Osiągnęliśmy wiek, gdy sami jesteśmy dowodem na wszystko, co nam się w życiu przydarzyło. Jeśli o mnie chodzi, zdobyłem trzy doświadczenia, doświadczenie mego dziadka, doświadczenie wszystkich innych, mniej dla mnie ważnych bliźnich i doświadczenie własne. Wszystkie razem wielokrotnie oszczędziły mi nieodporności na sprawy uboczne. Nie mogę się wypierać, że również ja prowadziłem zawsze dwa życia, to najbardziej zbliżone do prawdy, które w istocie mam prawo nazywać rzeczywistością, i drugie udawane, oba razem dały z czasem jedną egzystencję, trzymającą mnie przy życiu, na przemian obejmowało panowanie to jedno, to drugie, ale zawsze, pamiętajmy, istnieję w nich obu. Po dziś dzień. Gdybym rzeczywiście nie przeszedł tego wszystkiego, co stanowi dzisiaj moje życie, prawdopodobnie bym to sobie wymyślił i doszedł do tych samych rezultatów. Przymusowa sytuacja wiodła mnie każdego kolejnego dnia i w każdej kolejnej chwili dalej, choroby, a wreszcie, o wiele później, zabójcze choroby sprowadziły mnie z obłoków na ziemię pewności i zobojętnienia.[13]
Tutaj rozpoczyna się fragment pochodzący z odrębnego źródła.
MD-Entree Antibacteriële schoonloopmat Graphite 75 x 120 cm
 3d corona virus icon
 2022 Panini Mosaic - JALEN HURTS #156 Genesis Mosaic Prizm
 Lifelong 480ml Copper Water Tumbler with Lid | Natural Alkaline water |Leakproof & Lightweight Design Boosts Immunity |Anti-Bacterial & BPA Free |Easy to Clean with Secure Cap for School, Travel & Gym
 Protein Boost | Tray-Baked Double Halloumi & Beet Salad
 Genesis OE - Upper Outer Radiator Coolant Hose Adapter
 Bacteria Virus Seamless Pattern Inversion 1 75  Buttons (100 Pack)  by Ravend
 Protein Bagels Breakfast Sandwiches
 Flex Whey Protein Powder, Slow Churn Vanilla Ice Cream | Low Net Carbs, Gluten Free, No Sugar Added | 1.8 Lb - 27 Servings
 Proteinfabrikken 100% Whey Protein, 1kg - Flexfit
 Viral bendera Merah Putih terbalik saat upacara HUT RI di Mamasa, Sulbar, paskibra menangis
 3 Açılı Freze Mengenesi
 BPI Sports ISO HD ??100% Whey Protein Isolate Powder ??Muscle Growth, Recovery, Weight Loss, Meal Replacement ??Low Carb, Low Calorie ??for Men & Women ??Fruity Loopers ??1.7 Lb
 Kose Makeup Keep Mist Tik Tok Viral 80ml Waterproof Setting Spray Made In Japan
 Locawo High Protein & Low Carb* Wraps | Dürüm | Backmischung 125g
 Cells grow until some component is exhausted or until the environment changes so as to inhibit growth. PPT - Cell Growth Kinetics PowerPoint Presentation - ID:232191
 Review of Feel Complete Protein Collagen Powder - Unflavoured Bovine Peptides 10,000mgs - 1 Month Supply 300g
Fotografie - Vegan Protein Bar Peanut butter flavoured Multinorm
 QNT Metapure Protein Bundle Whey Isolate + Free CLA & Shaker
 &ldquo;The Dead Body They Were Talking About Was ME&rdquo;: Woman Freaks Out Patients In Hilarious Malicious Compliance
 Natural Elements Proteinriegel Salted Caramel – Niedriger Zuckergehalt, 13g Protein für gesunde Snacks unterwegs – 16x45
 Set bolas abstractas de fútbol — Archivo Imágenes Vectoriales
Jaką rolę odgrywa w twojej pracy dieta?

Przeszedłem kawałek z Schopenhauerem
z Nietzschem
(…)
Wchodzimy w te filozofie
jak do otwartych restauracji
i od razu siadamy przy stoliku dla stałych gości
i dziwimy się
że nie od razu obsługują nas tak
jak tego oczekujemy
Jesteśmy zirytowani
także z powodu tych wstrętnych ludzi
którzy rozsiedli się obok nas w tej restauracji
Wzywamy właściciela
ale właściciel nie przychodzi
i jeśli nawet
byliśmy z początku zachwyceni
może na przykład wystrojem restauracji
to już wkrótce przejmuje nas ona wstrętem
siedzimy niewygodnie
w przeciągu
rozchodzi się jakiś odór
podczas gdy my spodziewaliśmy się subtelnego zapachu pieczeni
Obsługują nas niscy obrzydliwi kelnerzy
którzy nic nie umieją
tylko bez przerwy biegają bezmyślnie tam i z powrotem
i wszystko w końcu przynoszą
tylko nie to
co zamówiliśmy
Potrawy są niejadalne
trunki zatrute
a kiedy chcemy pociągnąć do odpowiedzialności właściciela
mówią nam
że właściciel dawno umarł[14]

Café Bräunerhof, wiedeńska restauracja usytuowana przy Stallburggasse 2, w której przesiadywał Thomas Bernhard, i którą opisał w "Bratanku Wittgensteina"
Café Bräunerhof, wiedeńska restauracja usytuowana przy Stallburggasse 2, w której przesiadywał Thomas Bernhard, i którą opisał w „Bratanku Wittgensteina”, fot. Grażyna Smalej

Czy pojęcie artysty ma dla ciebie jakiś głębszy sens czy też nie przywiązujesz do niego większego znaczenia?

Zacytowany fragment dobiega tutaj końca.